Here's what happened: After the humans waltzed onto the Cylon ship and the Cylons waltzed onto the human ship, a bunch of cylons have been killed and the Battlestar is under attack from a Raptor that's sort of floating in space, carrying nuclear weapons (even though a character earlier in the episode said that nukes wouldn't be usable in this fight) and Starbuck has to punch in a code to warp them out of there using the FTL (Faster Than Light) drive which apparently works like a teleporter, given that it's activated when the Battlestar is pointing right at the Cylon ship, so if it just accelerated to light speed it would simply ram the Cylon ship...

... stick with me, here, I'm getting to the point...

... and Starbuck punches in numbers that she randomly assigned to musical notes to a song that her father taught her when she was a kid, the same song that "activates" Cylons, and the same song that was written down by the little girl they were there to

unnecessarily

rescue, at which point the Battlestar teleports to...

... Earth.

But not "Earth" the planet that the Cylons were originally from; instead, this is just some random planet that the Battlestar humans and some Cylons decide to name Earth because, well, I don't know why. But they do: they name it Earth and it is, as it turns out, our Earth, with an Africa and all, so, hey, what're the odds of that, and now they're going to settle down on Earth, and as it turns out, there are aboriginal people living on Earth, too, and then, as it turns out, all the survivors opt not to use any of their advanced technology and instead want to go walkabout, living on "Earth" by their wits and stuff.

And... fade out. But not yet: first, flash ahead 150,000 years and show ghosts of Baltar and Number Six commenting on "Lucy," the hominid that's presumed by scientists to be the ancestor of modern humans, and who, we are led to believe, is the little girl who the Battlestar fight was there to save.

Whew. Got all that?

Also, Starbuck disappears and is probably an angel.

Okay, so I'm not going to get into why it was completely unnecessary to rescue the little girl, other than to say that if Starbuck knew the Numbers Song from her childhood, she could have at any point programmed it in and taken them there, and in fact gotten them there without having to risk a bunch of people's lives, and probably gotten them there earlier, too.

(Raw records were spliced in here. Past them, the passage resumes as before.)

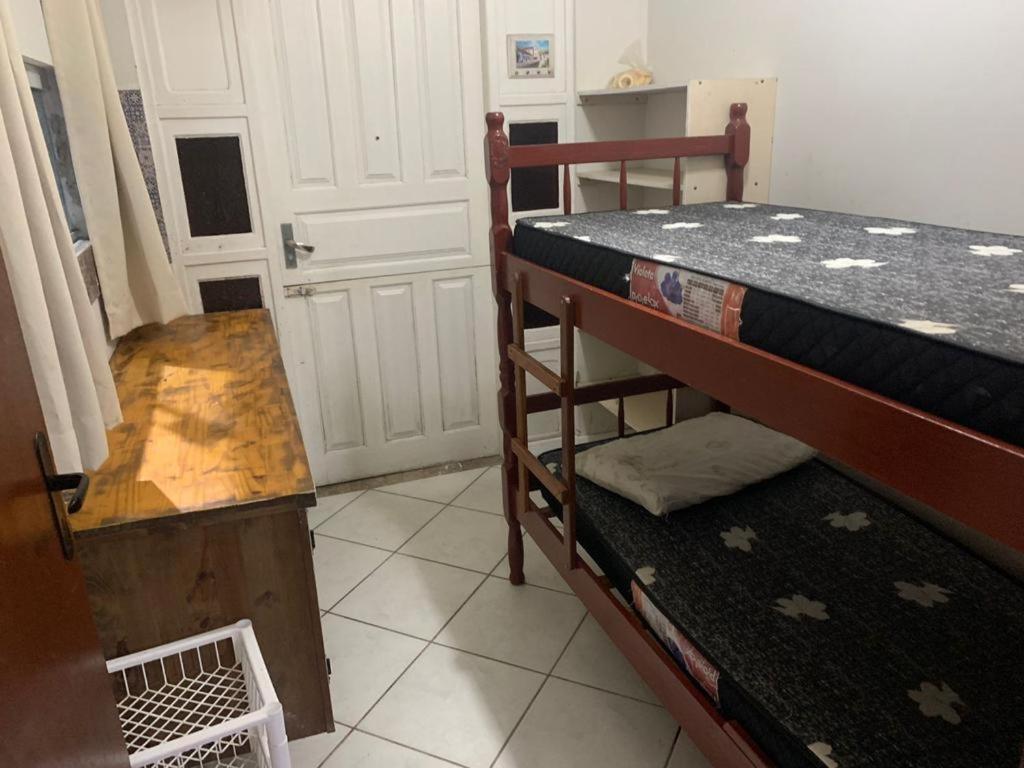 Uni Hostel Florianópolis Екстериор снимка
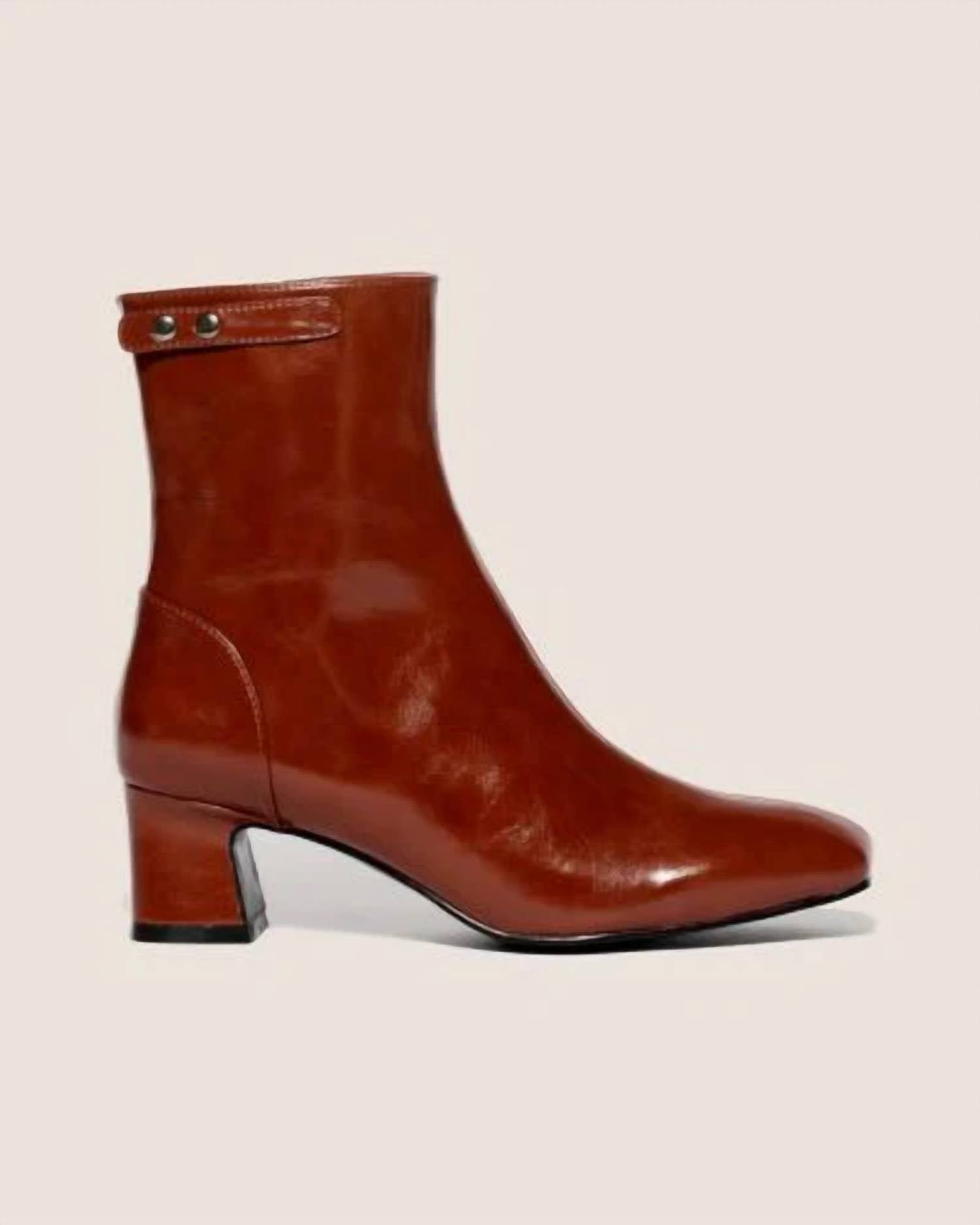 Gini & Albert - Women's Wyn Boots
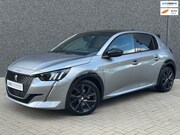 Peugeot 208 - 1.2 PureTech GT-line | Pano | Carplay | ACC | Rijstrook assi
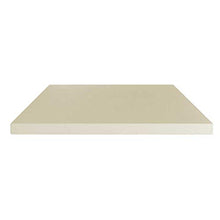 Baldiflex - Materasso Una Piazza e Mezza Easy Aloe Small 120 x 190 cm - Rivestimento Aloe Vera Proprieta' Naturali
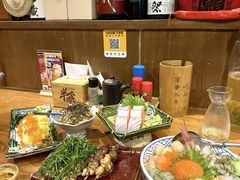 海鲜饭-半藏居酒屋(香港花园店)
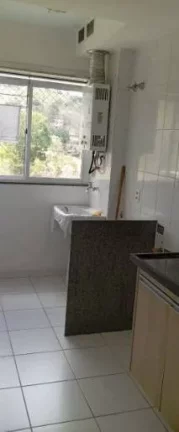 Imagem Apartamento à venda em Niterói, Maria Paula, com 2 quartos, 60m2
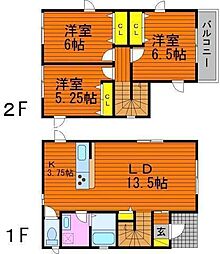 山陽本線 倉敷駅 徒歩22分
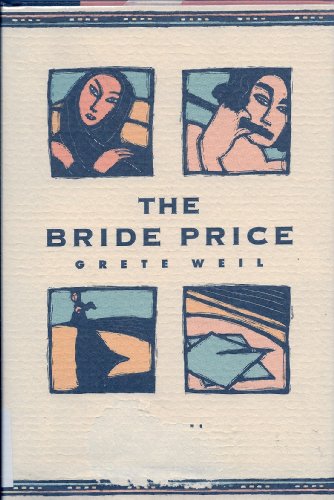 Imagen de archivo de Bride Price a la venta por Better World Books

Nor will I get into anything about how people in the 150,000-years-in-the-future Earth were pretty clearly not solely descended from that little girl, given that about 38,000 Battlestarian humans landed on "Earth," while only four Cylons did so, and two of those four were in their 70s, and one of those four went off to live in Iceland or something by himself.

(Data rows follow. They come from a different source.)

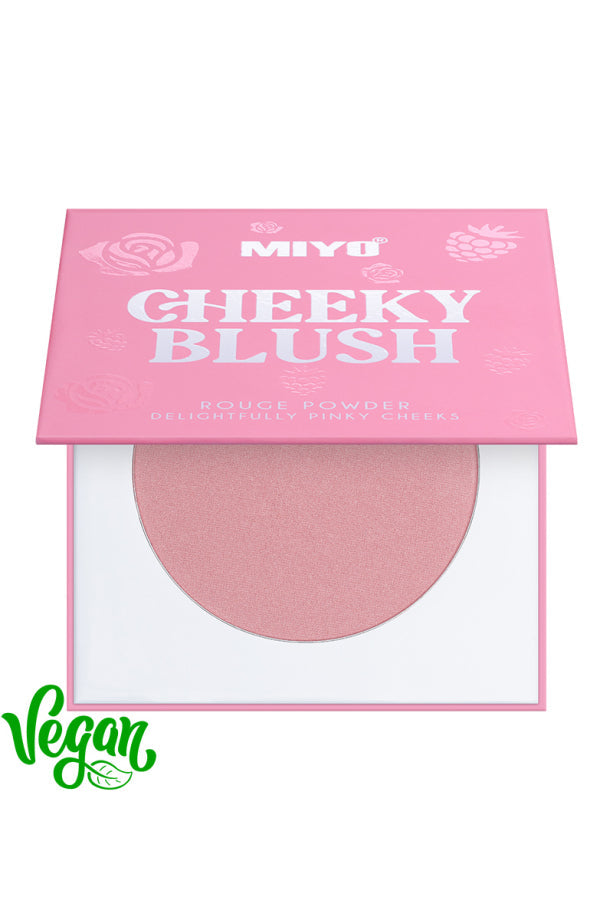 MIYO Cheeky Blush no 02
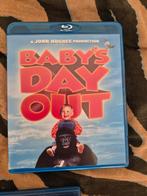 baby's day out, Cd's en Dvd's, Ophalen of Verzenden, Zo goed als nieuw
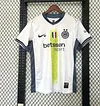 2025/2026 Inter Milan Rossi co-branded edition Football Jersey 1:1 Thai quality love fball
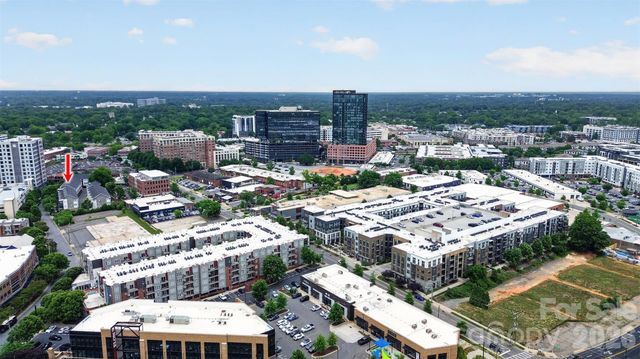 231 Doggett Street, Charlotte, NC 28203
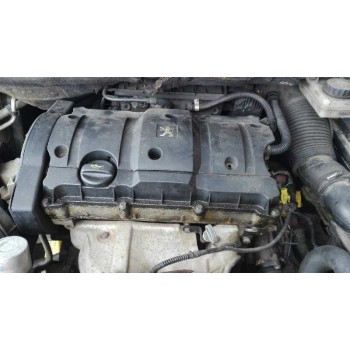 peugeot 307 (s1) del año 2003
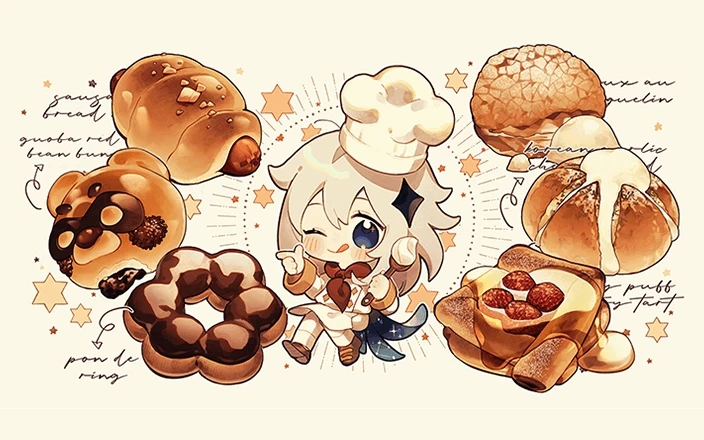 Illustrator, Mint-tan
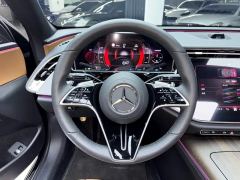 Mercedes-Benz E Class E-Class E 300 L Luxury - photo 12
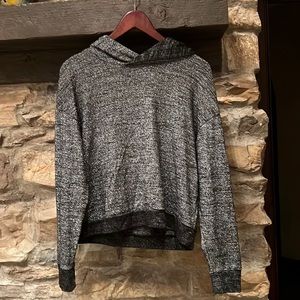 Gap Sparkly Hoodie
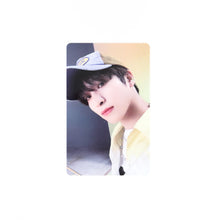 Load image into Gallery viewer, The Boyz &#39;Be Aware&#39; Withmuu Lucky Draw Benefit Photocard
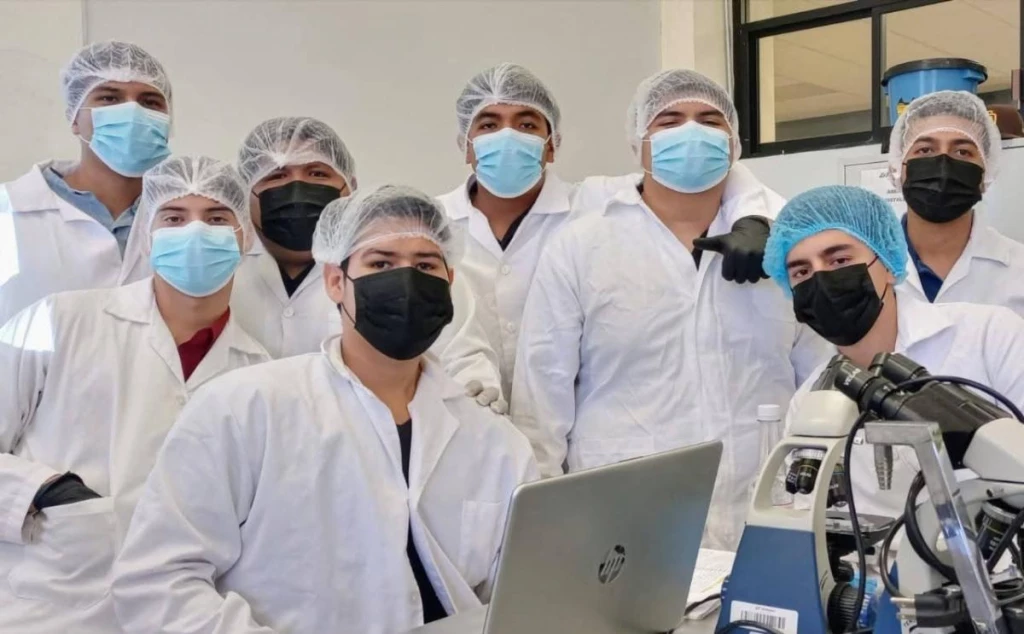 Impulsa Gobierno de Sonora profesionalización de estudiantes en el ámbito agrícola y biotecnológico: UTEtchojoa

I even will not mention any further the repeated references to Disney's Peter Pan beyond pointing out that it appears the writers were trying to make a literary reference with the several-times-over-use of "All of this has happened before, and it will all happen again," or variations of that phrase. The phrase doesn't actually appear in James Barrie's book, to my mind; instead, it's the opening line to Disney's movie about the boy who wouldn't grow up, and is quoted to try to show the "cyclical nature of time," according to the show's producers. So I won't bring up whether it makes, in the context of a space opera building on religious themes and making pointed references to current politics, any sense to make references to movies based on literary works about the whimsy of youth and the way that adult lives tend to crush that out.

And I won't dwell on the fact that in the end, the harbinger of death turned out to be the one who saved all of humanity and the remainder of the Cylons by finding them the needle-in-a-haystack that is "Earth." Whatever death Starbuck harbinged (it's probably a verb!), nobody saw.

I won't dwell on all of that because I'm overwhelmed by the greater purpose of the final episode, which obviously had to drop some plot points and take some creative hints to, as I said, point out the real truth of The Best (And Only Real) Explanation For How Humans Ended Up Being Alive And Running A Planet, and that truth is not that humans were people who somehow existed in a world that was constantly eaten by a pulled-apart monster. No, the truth is that humans were the result of people from another planet accidentally arriving at Earth via a spaceship piloted by a man in a bathtub, and then displacing the aborigines that were here to become the "humans" we know.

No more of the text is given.